**Instructions for the task:**
Set each entry down exactly as written.

**Exercise input:**
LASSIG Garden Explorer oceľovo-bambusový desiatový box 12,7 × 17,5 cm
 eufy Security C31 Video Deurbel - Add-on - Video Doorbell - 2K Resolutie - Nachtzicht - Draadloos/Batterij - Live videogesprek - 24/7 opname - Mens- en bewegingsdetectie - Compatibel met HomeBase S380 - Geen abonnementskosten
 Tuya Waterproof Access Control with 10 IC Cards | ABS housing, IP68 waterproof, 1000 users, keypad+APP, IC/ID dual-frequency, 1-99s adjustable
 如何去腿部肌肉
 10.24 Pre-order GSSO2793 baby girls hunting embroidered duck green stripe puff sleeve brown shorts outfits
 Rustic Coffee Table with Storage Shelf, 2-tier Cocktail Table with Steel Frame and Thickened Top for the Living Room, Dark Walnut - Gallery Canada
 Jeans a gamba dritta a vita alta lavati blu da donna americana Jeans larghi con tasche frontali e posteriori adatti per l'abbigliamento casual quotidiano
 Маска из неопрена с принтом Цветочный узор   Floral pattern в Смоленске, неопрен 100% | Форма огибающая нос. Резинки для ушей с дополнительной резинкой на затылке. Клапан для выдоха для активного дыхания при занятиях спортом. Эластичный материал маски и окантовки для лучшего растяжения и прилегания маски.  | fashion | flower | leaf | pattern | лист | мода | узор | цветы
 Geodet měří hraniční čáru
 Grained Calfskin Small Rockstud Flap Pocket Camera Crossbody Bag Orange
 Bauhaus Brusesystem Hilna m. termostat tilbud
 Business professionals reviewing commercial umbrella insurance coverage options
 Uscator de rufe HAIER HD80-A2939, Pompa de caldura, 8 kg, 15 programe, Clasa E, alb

**Finished task:**
LASSIG Garden Explorer oceľovo-bambusový desiatový box 12,7 × 17,5 cm
 eufy Security C31 Video Deurbel - Add-on - Video Doorbell - 2K Resolutie - Nachtzicht - Draadloos/Batterij - Live videogesprek - 24/7 opname - Mens- en bewegingsdetectie - Compatibel met HomeBase S380 - Geen abonnementskosten
 Tuya Waterproof Access Control with 10 IC Cards | ABS housing, IP68 waterproof, 1000 users, keypad+APP, IC/ID dual-frequency, 1-99s adjustable
 如何去腿部肌肉
 10.24 Pre-order GSSO2793 baby girls hunting embroidered duck green stripe puff sleeve brown shorts outfits
 Rustic Coffee Table with Storage Shelf, 2-tier Cocktail Table with Steel Frame and Thickened Top for the Living Room, Dark Walnut - Gallery Canada
 Jeans a gamba dritta a vita alta lavati blu da donna americana Jeans larghi con tasche frontali e posteriori adatti per l'abbigliamento casual quotidiano
 Маска из неопрена с принтом Цветочный узор   Floral pattern в Смоленске, неопрен 100% | Форма огибающая нос. Резинки для ушей с дополнительной резинкой на затылке. Клапан для выдоха для активного дыхания при занятиях спортом. Эластичный материал маски и окантовки для лучшего растяжения и прилегания маски.  | fashion | flower | leaf | pattern | лист | мода | узор | цветы
 Geodet měří hraniční čáru
 Grained Calfskin Small Rockstud Flap Pocket Camera Crossbody Bag Orange
 Bauhaus Brusesystem Hilna m. termostat tilbud
 Business professionals reviewing commercial umbrella insurance coverage options
 Uscator de rufe HAIER HD80-A2939, Pompa de caldura, 8 kg, 15 programe, Clasa E, alb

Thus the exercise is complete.